Je ferai remarquer aux sénateurs que ce projet de loi est un projet de loi ministériel qui a l'appui du gouvernement. Le président de Statistique Canada, qui appuie aussi le projet de loi, en a parlé. J'en resterai là.

La vice-présidente: Le président de Statistique Canada est ici présent. Il pourra demander la parole à un moment donné s'il veut présenter une observation.

Le sénateur Murray: M.Radwanski n'ignore pas, je crois, que je partage entièrement ses préoccupations. Il est vrai qu'il n'y a pas d'ambiguïté dans la formulation des divers règlements et statuts pertinents. La contradiction existe dans deux ou trois avis juridiques clés qu'a produits le ministère de la Justice. Il est effectivement juste de dire qu'on a réalisé à un moment donné une complète volte-face. Il est également juste de dire que cette volte-face dans les avis juridiques a lancé la démarche qui a débouché sur ce projet de loi de compromis.

Ce n'est pas à moi de dire ce qu'en a pensé le gouvernement, mais il semblait évident qu'il voyait peut-être dans un projet de loi de ce genre un moindre mal, ou une meilleure solution de rechange, à un litige prolongé dont il ne saurait prédire l'issue.

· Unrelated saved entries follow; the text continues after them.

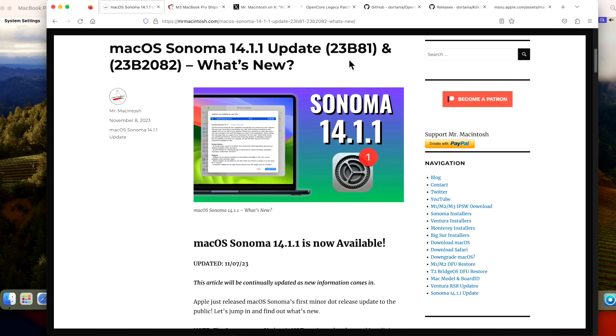Hey everyone, Mr. McIntosh here. In this video, we're going to go over the macOS Sonoma 14.1.1 update.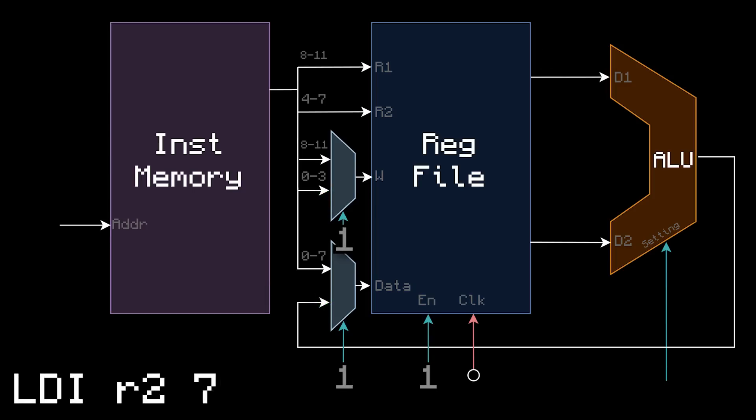And then, load immediate, or LDI, is the new one. The data going into the register file becomes the 8-bit immediate, and the destination becomes register A. So, in this example, LDI R2 7 puts a 7 into register 2.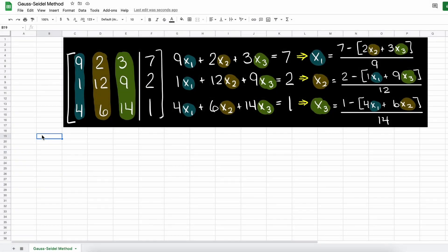Hey everyone, in this video we are going to go through and solve a linear system of equations using the Gauss-Seidel method in Google Sheets.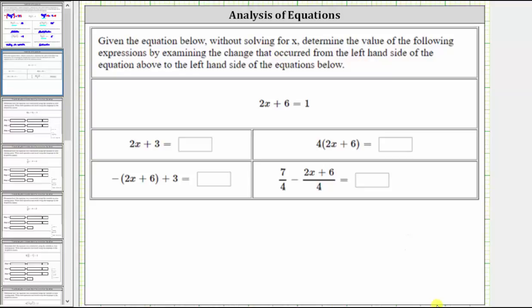Given the equation below, without solving for x, determine the value of the following expressions by examining the change that occurred from the left-hand side of the equation above to the left-hand side of the equations below. We are given the equation two x plus six equals one.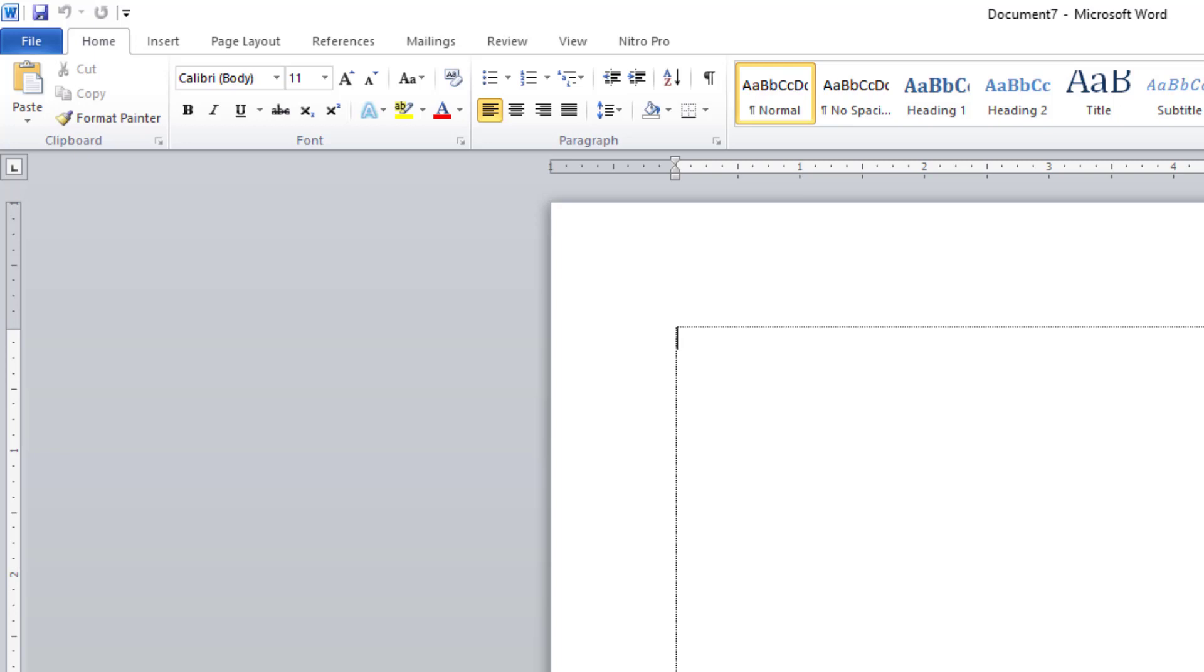Jadi tidak perlu kita hafal lagi, tinggal kita lihat saja. Jadi ini menu-nya ini sudah lebih mempermudah kita. Jadi sebelum kita masuk ke pengetikannya, kita perlu pahami dulu. Ada beberapa hal yang membentuk pengolahan kata ini.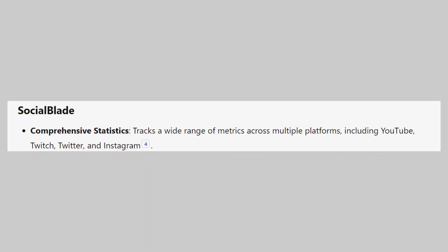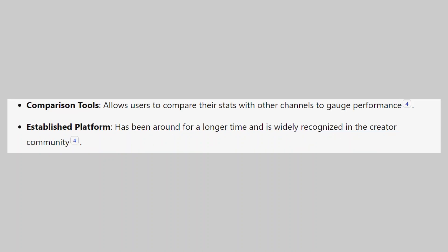SocialBlade tracks a wide range of metrics across multiple platforms, including YouTube, Twitch, Twitter, and Instagram. This website allows users to compare their stats with other channels to gauge performance. It has been around for a longer time and is widely recognized in the creator community.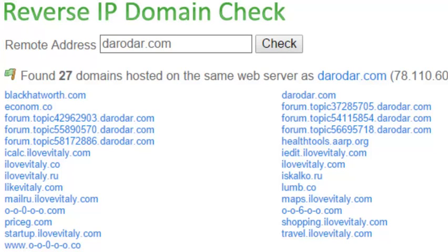Craig here and in today's video I'm going to be showing you how you can block and filter out this Russian referral spam traffic that you've likely discovered inside of your Google Analytics account.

Comme l'a fait remarquer le sénateur Milne, c'est le résultat d'un compromis très prudent entre l'Archiviste national et le Statisticien en chef, notamment— qui ont tous deux pris la parole ici à notre dernière séance. Votre propre rôle dans cette affaire, soit dit en passant, est couvert dans les questions et réponses que le gouvernement a publiées avec ce projet de loi. La question no6 est la suivante: le Commissaire à la protection de la vie privée appuie-t-il la modification de la loi? La réponse était la suivante: le Commissaire à la protection de la vie privée a été consulté sur la question de la publication des données historiques des recensements et nous lui sommes reconnaissants de ses précieux conseils sur la protection des renseignements personnels.

Il m'est arrivé autrefois de rédiger des non-réponses comme celle-là, et j'en ai même commis quelques-unes. J'espère que vous êtes content d'apprendre qu'on vous est reconnaissant de vos précieux conseils.

M. Radwanski: On me l'avait déjà dit.

Le sénateur Murray: Je suis plutôt sensible au dilemme devant lequel se sont trouvés sur cette question non seulement le gouvernement, mais aussi Statistique Canada et l'Archiviste national, notamment, une fois qu'ils eurent reçu un autre avis juridique, et ce projet de loi est ce qu'ils ont produit. C'est ce qui m'a amené à appuyer le projet de loi comme compromis honorable à l'étape de la deuxième lecture, et je l'appuierais encore. Je n'ai pas examiné récemment l'autre position de compromis mise au point par vous ou votre prédécesseur, quoique je l'avais fais à l'époque. Je tiens pour acquis qu'elle a été abandonnée à un moment donné au cours des négociations.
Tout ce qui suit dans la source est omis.